Viktória Citráková – Thanks to my father who gave me this Gucci face

Opening: 24. 2. 2026, 6 p.m.
Curators: Zuzana Janečková, Dorota Kenderová
Exhibition period: February 25, 2026 – May 17, 2026
Space C, Hlavná 27, Košice

Thanks to my father who gave me this Gucci face is a series of five video essays on the topics of identity, origins and adolescence in which the artist draws upon her experiences of growing up in East Slovakia with deaf parents. She explores her personal associations of silence through a conceptual series of muted “music” videos in which a combination of sign language, dance and the spoken word probes the topics of social hierarchies, exclusion and the search for a sense of belonging. The “Gucci face” functions as slogan and metaphor, reflecting the relationships between visibility, identity and social status. It touches upon the idea of social value as a commodity which can be bought and paid for – a logic which is deeply embedded in the post-socialist environment in which consumer items such as luxury cars or clothing serve as a means of asserting social status and class.

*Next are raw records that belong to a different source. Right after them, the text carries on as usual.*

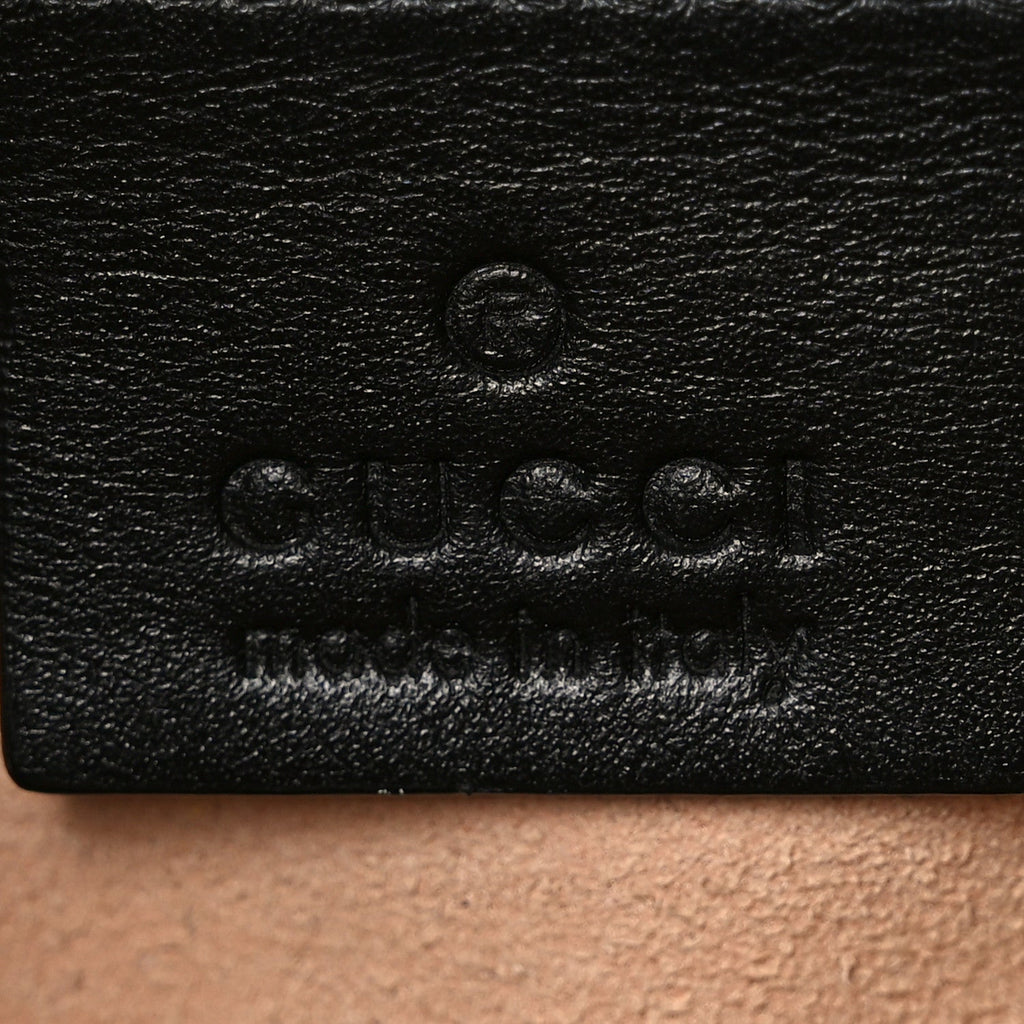 Calfskin Matelasse Studded Medium GG Marmont Tote Black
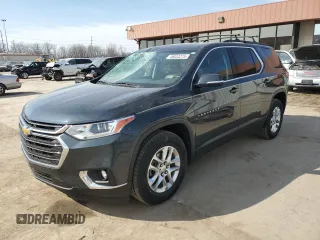 2019 Chevrolet Traverse LT Leather with VIN 1GNEVHKW8KJ224841, listed as a Copart auction lot 49033275 with 70,408 mi miles and Salvage Title. Bid and sale history available at carsss.com. Image 1.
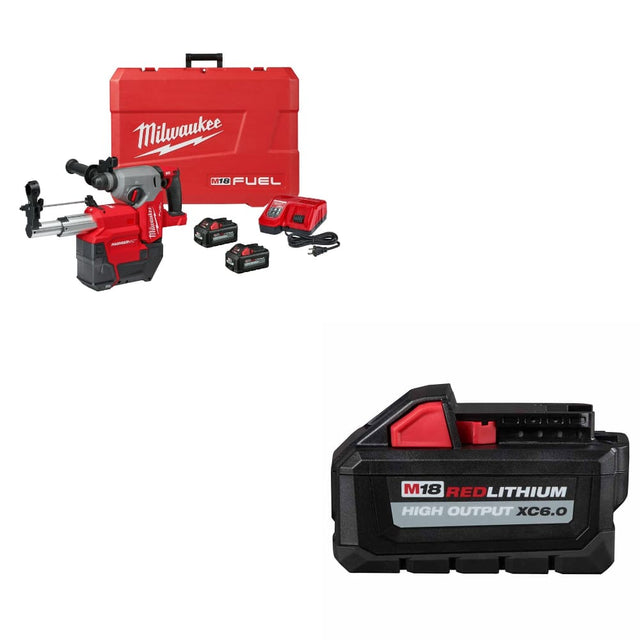 Milwaukee 2912-22DE M18 FUEL Rotary Hammer Kit W/ FREE 48-11-1865 M18 Battery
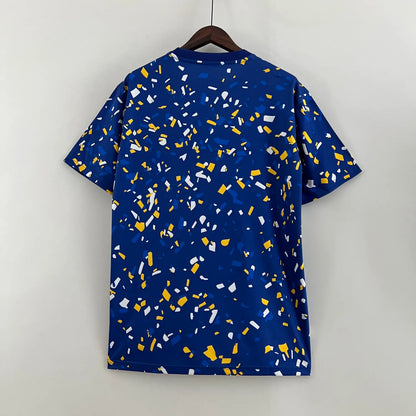 23-24 Boca Juniors Training Fans Jersey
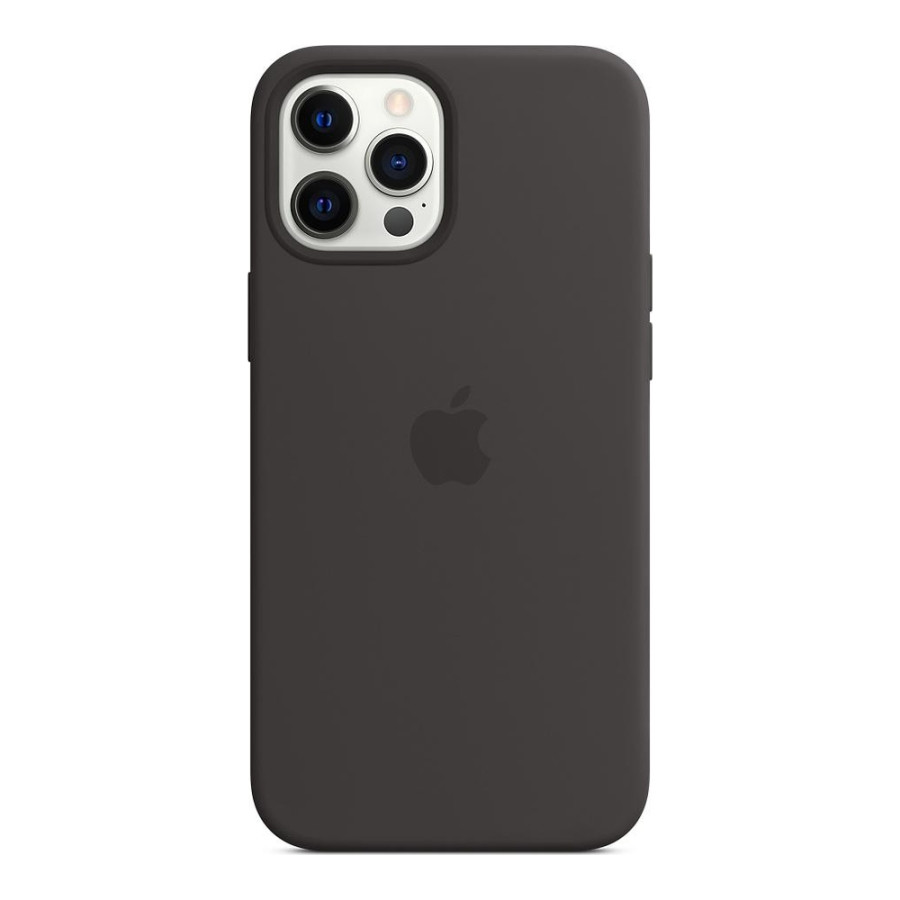 Apple iPhone 12 Pro Max Silicone Case with MagSafe - Black (MHLG3) (EU)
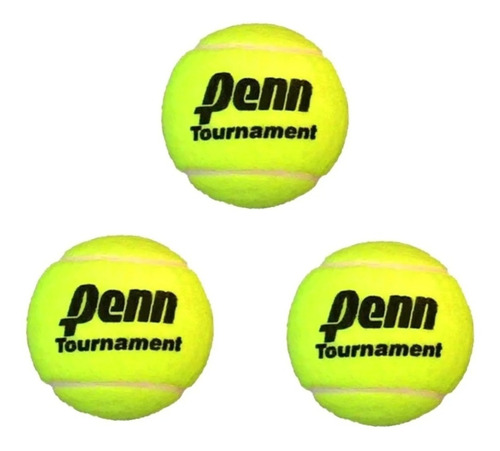 Pelota De Tenis Penn X3 Suelta Padel Polvo Cemento All Court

The artist conveys a sense of intimacy through her images of the family home which her father had built with his own hands, but she adds an ironic distance by presenting her story within the context of a luxurious functionalist villa which symbolizes bourgeois identity and political power, thereby generating a tension between language, means of representation and social norms.

Viktória Citráková is active in both literature and visual art, and her work in both fields is focused on the idea of text as an artistic medium. She draws on intimate autobiographical detail: narratives about the body, failure, desire and shame which she embeds into a broader sociopolitical context. Seemingly marginal and insignificant experiences become the source for a personal mythology, and the artist uses these perceptions to reflect on the theme of fragility, both personal and collective. She studied under Julie Béna and Jakub Jansa at the Performance Studio at the Faculty of Fine Arts in Brno and also studied Theory of Interactive Media at Masaryk University. She has exhibited and curated several projects in cultural institutes in both Slovakia and the Czech Republic. Her literary work has been published in literary journals such as Vertigo, Host and Psí víno, and she has also featured on

the Sunday Moment of Poetry broadcast on Rádio FM and Rádio Devín. Her collection Synestetika (2024), published by FACE, was recently named Debut of the Year at the Ivan Krasko Award.